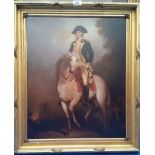 A.T.O. A COLOURED PORTRAIT PRINT of a military gentleman in a 19th century gilt frame. 24" x 28".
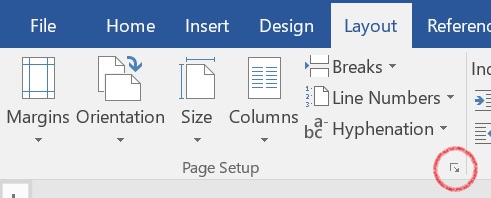 how to change orientation of one page in word 2017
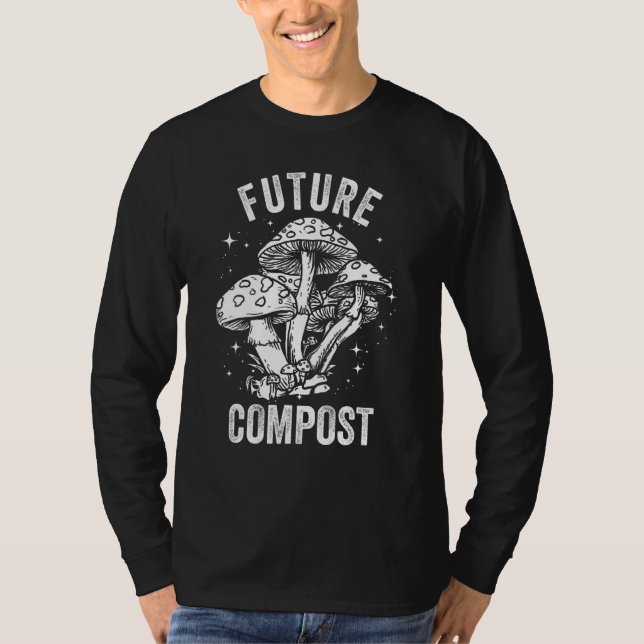 Future Compost Expert Composter Composting Worms T-Shirt (Vorderseite)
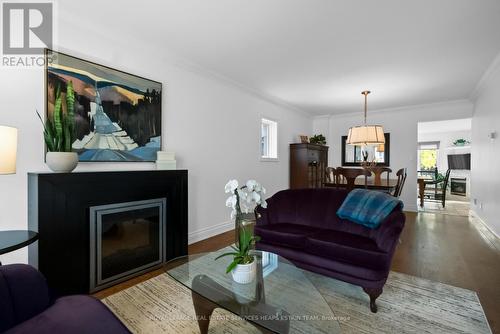 169 Parkhurst Boulevard, Toronto, ON - Indoor Photo Showing Living Room With Fireplace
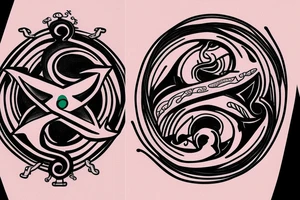 anchor within yin yang depicting the duality of nature but strengthened by the anchor of life tattoo idea
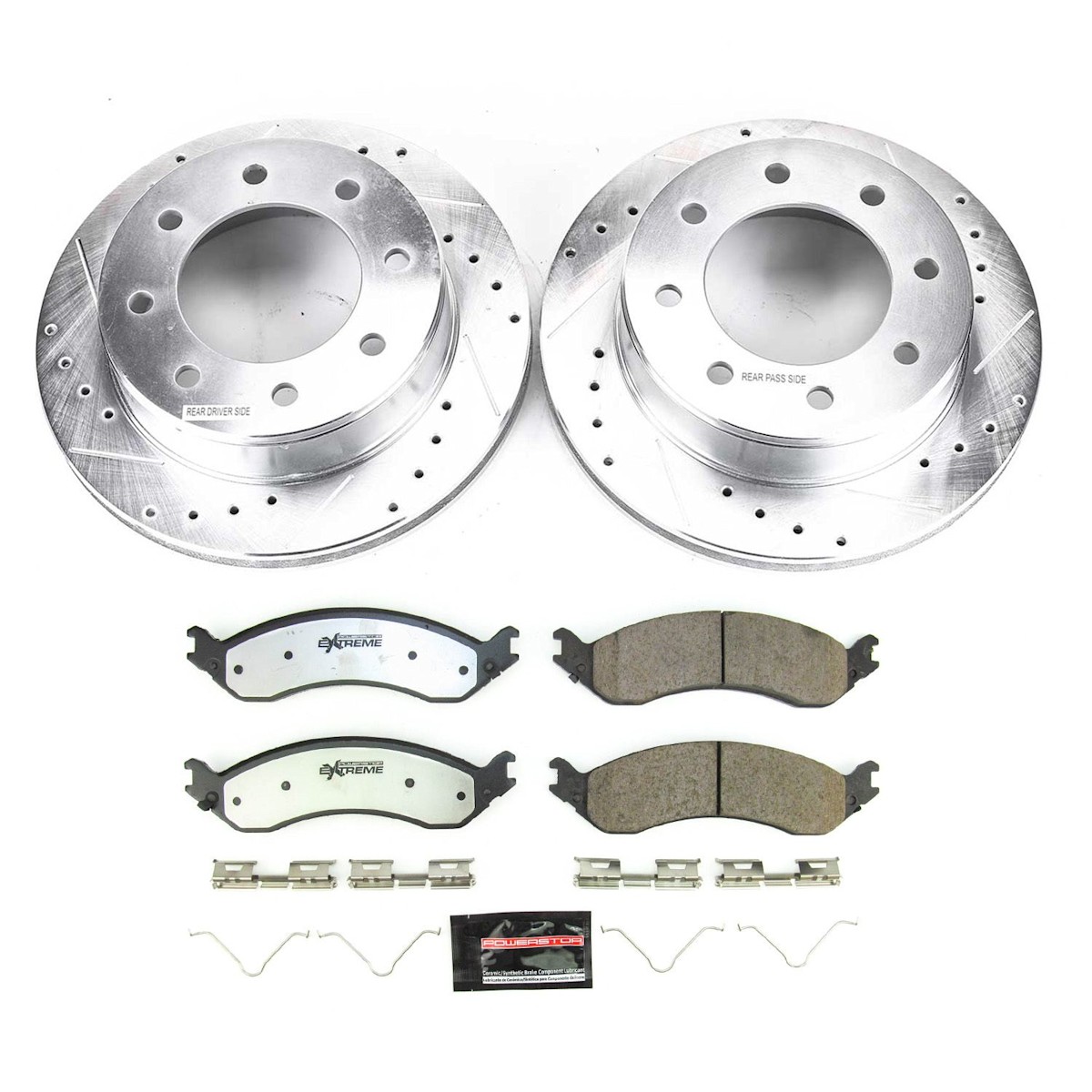 K8767-36 Powerstop 2-Wheel Set Brake Disc and Pad Kits Rear for Chevy SaVana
==========
## [ACTION ITEM]
Reproduce each record from above exactly; pictures do not belong in the copy.

## [WRITTEN RESPONSE]
 A.T.O. A COLOURED PORTRAIT PRINT of a military gentleman in a 19th century gilt frame. 24" x 28".
 how to change orientation of one page in word 2017
 Future Compost Expert Composter Composting Worms T-Shirt (Vorderseite)
 169 Parkhurst Boulevard, Toronto, ON - Indoor Photo Showing Living Room With Fireplace
 anchor within yin yang depicting the duality of nature but strengthened by the anchor of life tattoo idea
 K8767-36 Powerstop 2-Wheel Set Brake Disc and Pad Kits Rear for Chevy SaVana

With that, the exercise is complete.